Finalmente tampoco podemos considerar elemento periférico de la realidad de la agresión que se dice perpetrada el 23 de agosto de 2005, la declaración testifical de la empleada del hogar que trabaja en el domicilio de la denunciante, con la que tiene por tanto una relación de dependencia laboral, no solo porque no se encontraba en el mismo al tiempo de los hechos, como ella misma manifestó, refiriendo que estaba de vacaciones, sino porque concreta otros dos supuestos episodios violentos (no objeto de acusación) a los que ni siquiera se refirió la denunciante.

Los antecedentes señalados reflejan la existencia de lagunas y contradicciones en la prueba practicada que han de resolverse a favor del reo en virtud del principio in dubio pro reo y por tanto a estimar el recurso de apelación interpuesto, absolviendo al acusado del delito de maltrato en el ámbito familiar del art. 153.1 y 3 del C. Penal objeto de acusación.

Estimado el motivo principal carece objeto entrar a valorar el subsidiario alegado, esto es la concurrencia o no de las circunstancias modificativas de la responsabilidad penal que refiere.

CUARTO.- No se aprecian razones para imponer, por temeridad o mala fe, las costas de la instancia y de esta alzada, que deben declararse de oficio, de conformidad con lo dispuesto en el art. 240 de la Ley de Enjuiciamiento Criminal .

VISTOS los preceptos legales citados y demás de pertinente y general aplicación.

Fallo

Se ESTIMA el recurso de apelación interpuesto por el procurador D. Florencio Aráez Martínez en nombre y representación procesal de Justiniano contra la sentencia dictada por el Juzgado de lo Penal nº 21 de Madrid con fecha 2 de marzo de 2009 , en el Procedimiento Abreviado nº 1043/09, ABSOLVIENDO al acusado Justiniano del delito de maltrato en el ámbito familiar del art. 153.1 y 3 del C. Penal objeto de acusación.

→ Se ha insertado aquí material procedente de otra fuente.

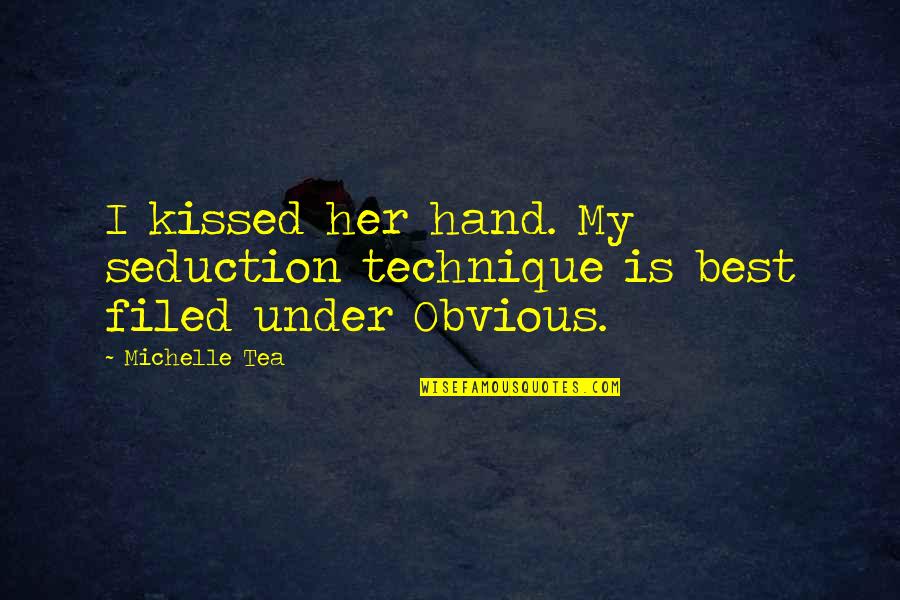 Cute Cookie Quotes By Michelle Tea: I kissed her hand. My seduction technique is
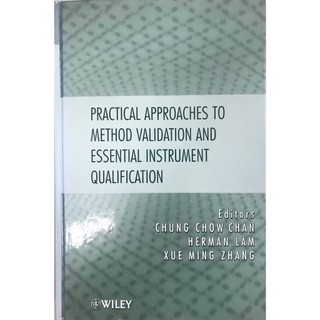 Practical Approaches to Method Validation and 9780470121948
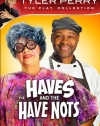 Tyler Perry's The HAVES & The HAVE-NOTS (The Play)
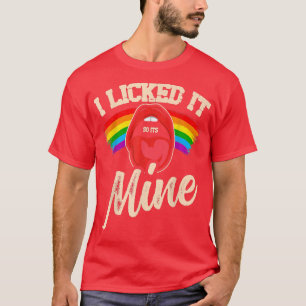 T-shirt I licked it so it's mine pride gay funny LGBT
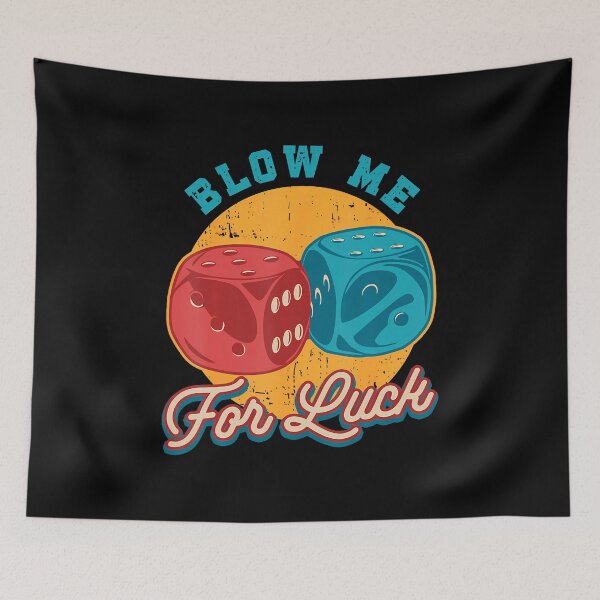 Item preview, Blow Me For Luck Crap Gambling Casino Roll Dice Game Gambler designed and sold by PatriciaKelsey.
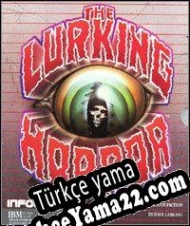 The Lurking Horror Türkçe yama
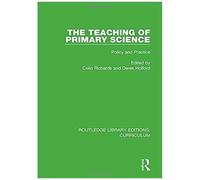 The Teaching Of Primary Science : Policy And Practice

Se declaran de oficio las costas de la instancia y de esta alzada.

La presente sentencia es firme.

Devuélvanse las diligencias originales al Juzgado de procedencia, con certificación de la presente resolución, para su ejecución y cumplimiento, solicitando acuse de recibo y previa su notificación a las partes, con arreglo a las prevenciones contenidas en el art. 248.4 de la Ley Orgánica del Poder Judicial .

Así por esta nuestra sentencia, de la que se llevará certificación al rollo de la Sala, lo pronunciamos, mandamos y firmamos.

PUBLICACIÓN: En la misma fecha fue leída y publicada la anterior resolución por el Ilmo. Sr/a. Magistrado que la dictó, celebrando Audiencia Pública. Doy fe.

DILIGENCIA: Seguidamente se procede a cumplimentar la notificación de la anterior resolución. Doy fe.